PRESENT: WHALEN, P.J., PERADOTTO, NEMOYER, CURRAN, AND TROUTMAN, JJ.
MEMORANDUM AND ORDERIt is hereby ORDERED that the judgment so appealed from is unanimously affirmed.
Memorandum: Defendant appeals from a judgment convicting him, upon a jury verdict, of murder in the second degree ( Penal Law § 125.25 [1 ] ) and criminal possession of a weapon in the second degree (§ 265.03[3] ), arising from the fatal shooting of the victim outside a residence on Herkimer Street in Buffalo. Defendant contends that the conviction is not supported by legally sufficient evidence primarily because there is no direct evidence that he fired the shot that killed the victim. "It is well settled that, even in circumstantial evidence cases, the standard for appellate review of legal sufficiency issues is whether any valid line of reasoning and permissible inferences could lead a rational person to the conclusion reached by the [factfinder] on the basis of the evidence at trial, viewed in the light most favorable to the People" ( People v. Pichardo, 34 A.D.3d 1223, 1224, 825 N.Y.S.2d 603 [4th Dept. 2006], lv denied 8 N.Y.3d 926, 834 N.Y.S.2d 516, 866 N.E.2d 462 [2007] [internal quotation marks omitted]; see generally People v. Bleakley, 69 N.Y.2d 490, 495, 515 N.Y.S.2d 761, 508 N.E.2d 672 [1987] ).
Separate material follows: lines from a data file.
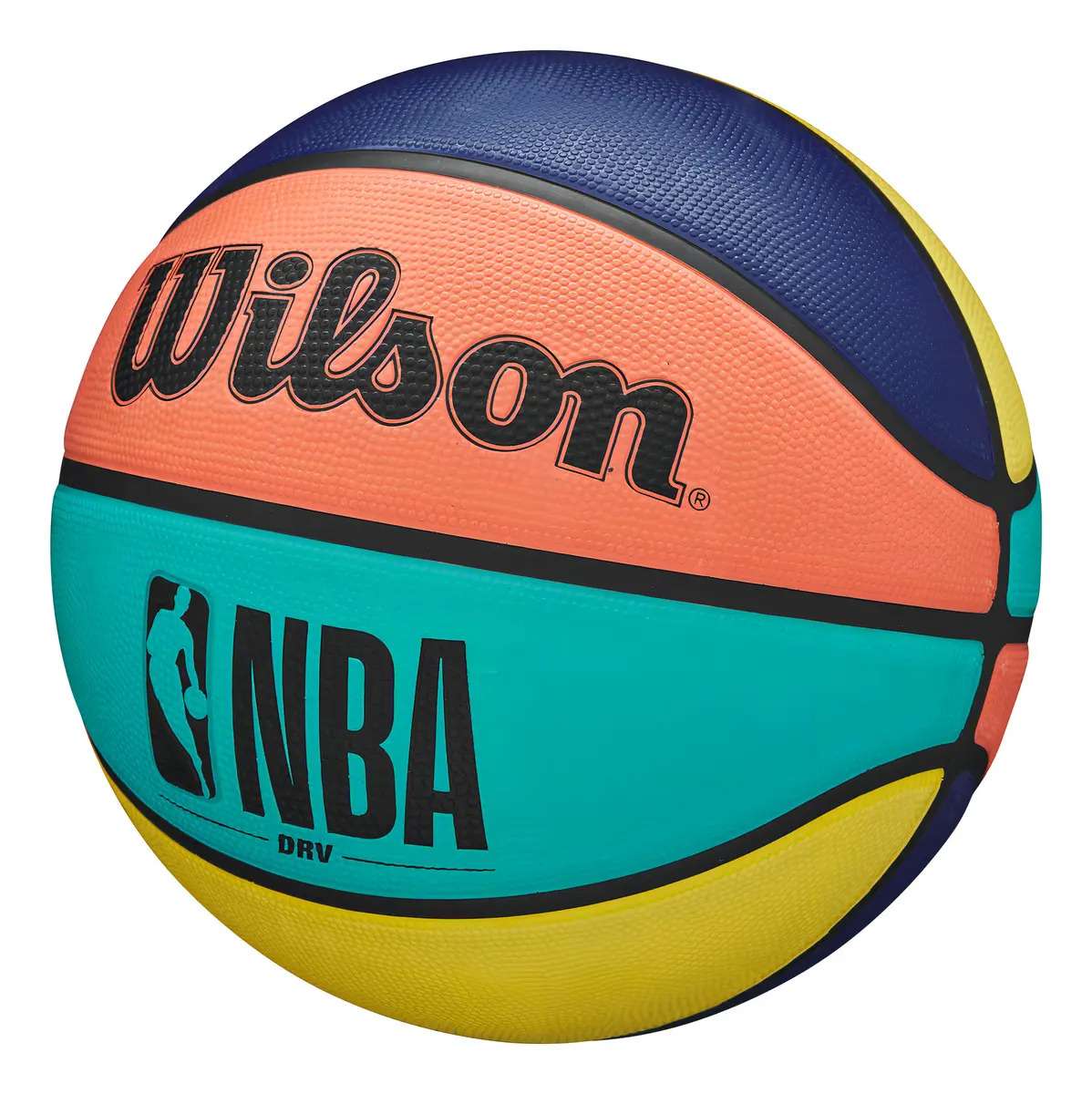 BALÓN BASKETBALL WILSON NBA DRV OUTDOOR TAMAÑO 7 BRIGHT - Imagen 2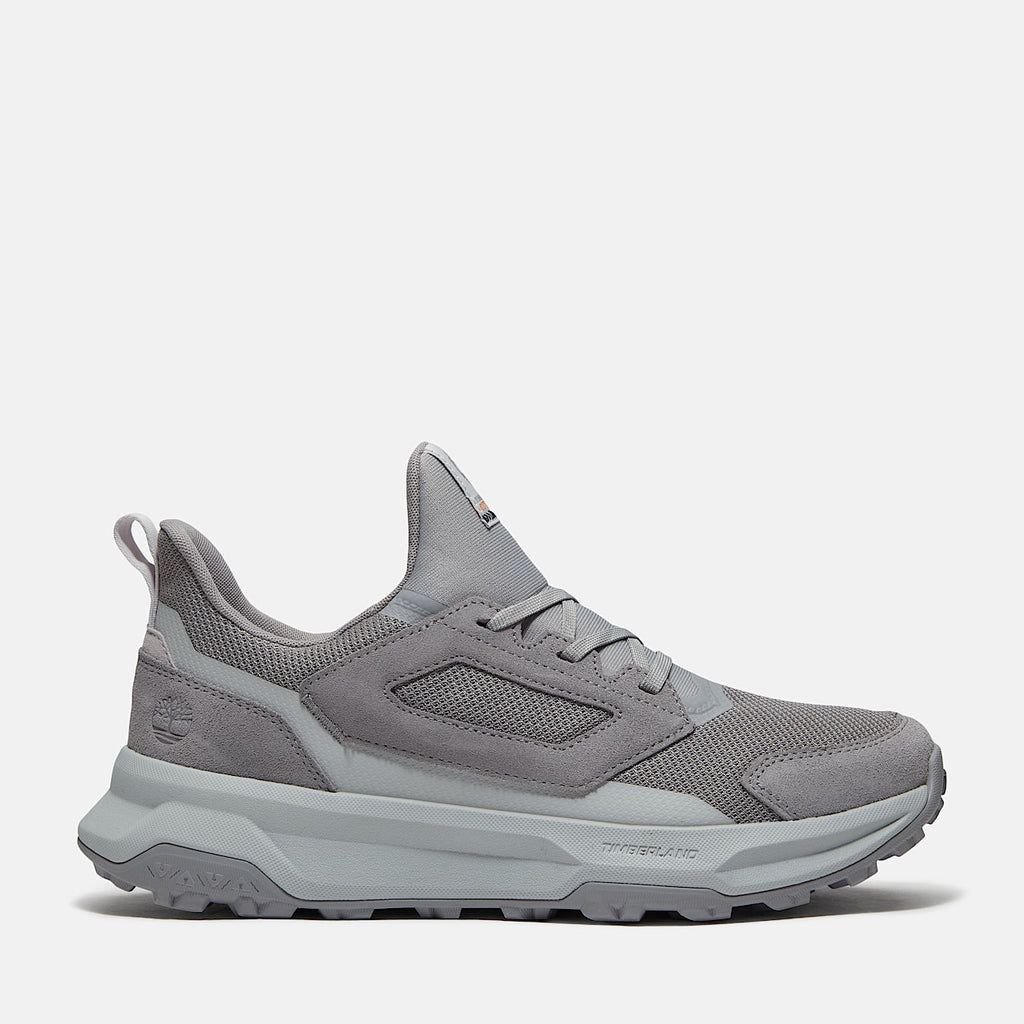 Mens Motion Ledge Mid Sneaker TBL Grey Mesh HERO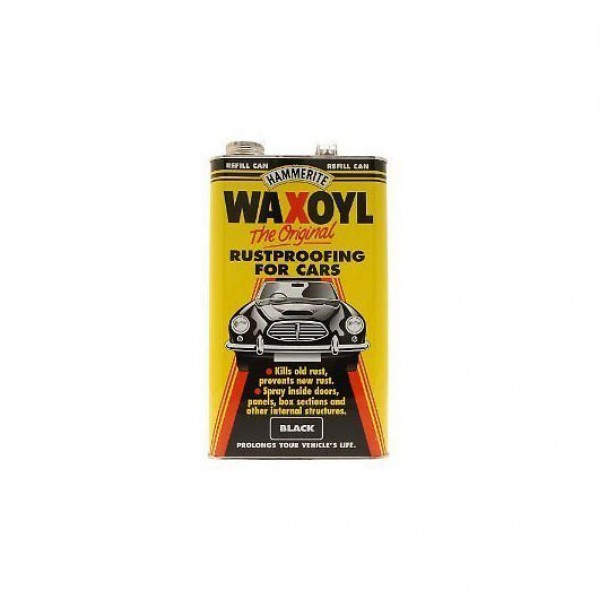 Waxoyl Black - 5Ltr Refill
Here, prosecution witnesses testified that defendant was observed arguing with the victim about poor quality drugs earlier on the day of the shooting and that, later in the day, gunshots were heard and a man with a blond ponytail, i.e., a distinguishing feature of defendant's appearance, was observed with a gun in his hands running toward West Delavan Avenue, near Herkimer Street. Prosecution witnesses also testified that, around the same time, defendant ran to a yellow pickup truck on West Delavan Avenue with a gun in his hand. We therefore conclude that there is ample evidence in the record from which the jury could have reasonably concluded that defendant possessed a weapon and fired the shot that killed the victim. Additionally, upon viewing the evidence in light of the elements of the crimes as charged to the jury (see People v. Danielson, 9 N.Y.3d 342, 349, 849 N.Y.S.2d 480, 880 N.E.2d 1 [2007] ), we reject defendant's contention that the verdict is against the weight of the evidence (see generally Bleakley, 69 N.Y.2d at 495, 515 N.Y.S.2d 761, 508 N.E.2d 672 ).
Contrary to defendant's further contention, Supreme Court did not err in denying defense counsel's request for a racial identification charge (cf. People v. Boone, 30 N.Y.3d 521, 526, 69 N.Y.S.3d 215, 91 N.E.3d 1194 [2017] ). Viewing the evidence, the law and the circumstances of this case in totality and as of the time of the representation, we conclude that defense counsel provided meaningful representation (see generally People v. Baldi, 54 N.Y.2d 137, 147, 444 N.Y.S.2d 893, 429 N.E.2d 400 [1981] ). We further conclude that the sentence is not unduly harsh or severe. Finally, we have reviewed defendant's remaining contention and conclude that it does not warrant modification or reversal of the judgment.